Martin von Cochem, Indexeintrag: Deutsche Biographie, https://www.deutsche-biographie.de/pnd118731319.html [28.03.2024].

CC0

  • Genealogie

    Aus angesehener Bürgerfam.; Eltern unbek.;
    Schw Anna Maria ( Joh. Franz Gerhardi, Apotheker in C. u. Ehrenbreitstein);
    N (od. B ?) Joh. Jakob Linius ( 1745), Feldapotheker in österr. Diensten, Stadtwachtmeister in C.

  • Biographie

    Seit März 1653 Kapuziner in der Rhein. Provinz, begann M. 1656 Philosophie und Theologie zu studieren. 1659 wurde er Priester und bald nach Abschluß der Studien Lektor der Philosophie im Ordenstudium zu Mainz (1664). Im Pestjahr 1666 erschien sein später in der Mainzer Diözese vorgeschriebenes „Kinderlehr-Büchlein oder Auslegung deß cath. Catechismi“. M.s volkstümliche Darstellungsweise ließ den Verleger auf weitere Schriften drängen. 1668 wurde M. daraufhin des Lektorats entbunden. Neben der Seelsorgsarbeit in verschiedenen Klöstern seiner Provinz widmete er sich nun vor allem der religiös-aszetischen Schriftstellerei, aus der neben latein. Schriften für den Seelsorgsklerus eine Fülle von unmittelbar an das Volk gerichteten, z. T. sehr umfangreichen Belehrungs- und Erbauungsschriften, Gebets-, Gesang- und Andachtsbüchern hervorging. Sein erstes größeres Werk ist das 1677 erstmals erschienene „Leben Christi“, das bald in verschiedenen Fassungen und zahllosen Auflagen starke Verbreitung fand.

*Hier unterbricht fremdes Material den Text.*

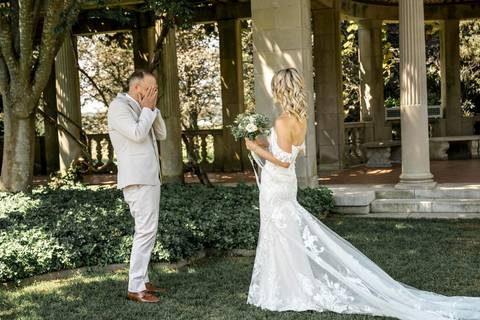 A breathtaking first look at Eolia Mansion. His tears, her smile. Pure magic. #FirstLook #WeddingDay #ConnecticutWedding #EoliaMansion'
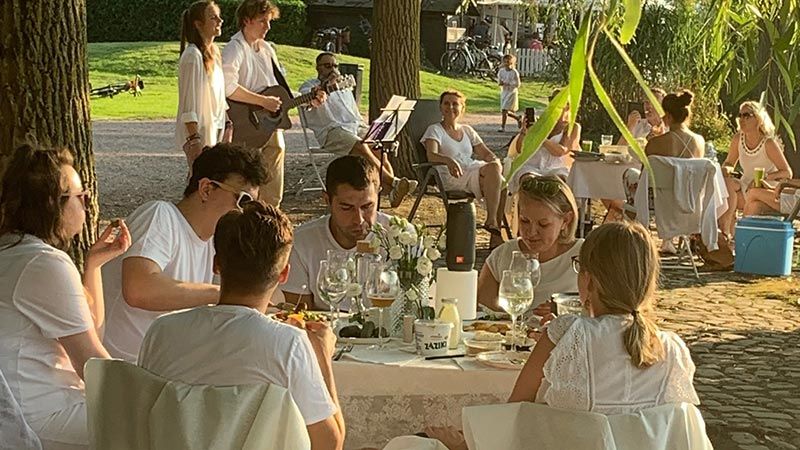Rund 600 Gäste kamen zum fünften Weißen Dinner an die Harburger Außenmühle. | Foto: ein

Es beeinflußte nachhaltig die kath., indirekt auch die prot. Volksfrömmigkeit über viele aus ihm schöpfende Schriften und religiöse Volksschauspiele. 1682-85 wirkte er im Auftrage des Mainzer Kurfürsten Anselm Franz v. Ingelheim im Aschaffenburger Kommissariat, 1698-1700 im Auftrage des Trierer Kurfürsten Joh. Hugo v. Orsbeck im Erzbistum Trier als strenger, bisweilen übereifriger Visitator. Nachdem seine Heimatprovinz im Pfälz. Erbfolgekrieg durch die brandschatzenden franz. Truppen viele Klöster verloren hatte, hielt er sich 1689-96 in Klöstern anderer Ordensprovinzen (Günzburg, Passau, Linz, Prag) auf. In dieser Zeit entstanden die großen Historien-, Legenden- und Exempelwerke. In die rhein. Provinz zurückgekehrt, wandte er sich in ausgedehnten Studien dem Stoffkreis der hl. Messe zu, über|die er u. a. seine in zahllosen Auflagen bis heute immer wieder gedruckte und oft übersetzte Meßerklärung herausgab (Medulla Missae, 1700; Medulla Missae Germanica, das ist Teutsch Meßbuch über Honig süß, 1702). Die letzten Lebensjahre verbrachte er in den Klöstern zu Bernkastel, Aschaffenburg, Mainz und Waghäusel, unermüdlich in der Neubearbeitung früherer und der Abfassung neuer Schriften, vor allem des letzten größeren Werkes „Unerschätzliches Büchlein von Gott und von den göttlichen Fürtrefflichkeiten“ (1708).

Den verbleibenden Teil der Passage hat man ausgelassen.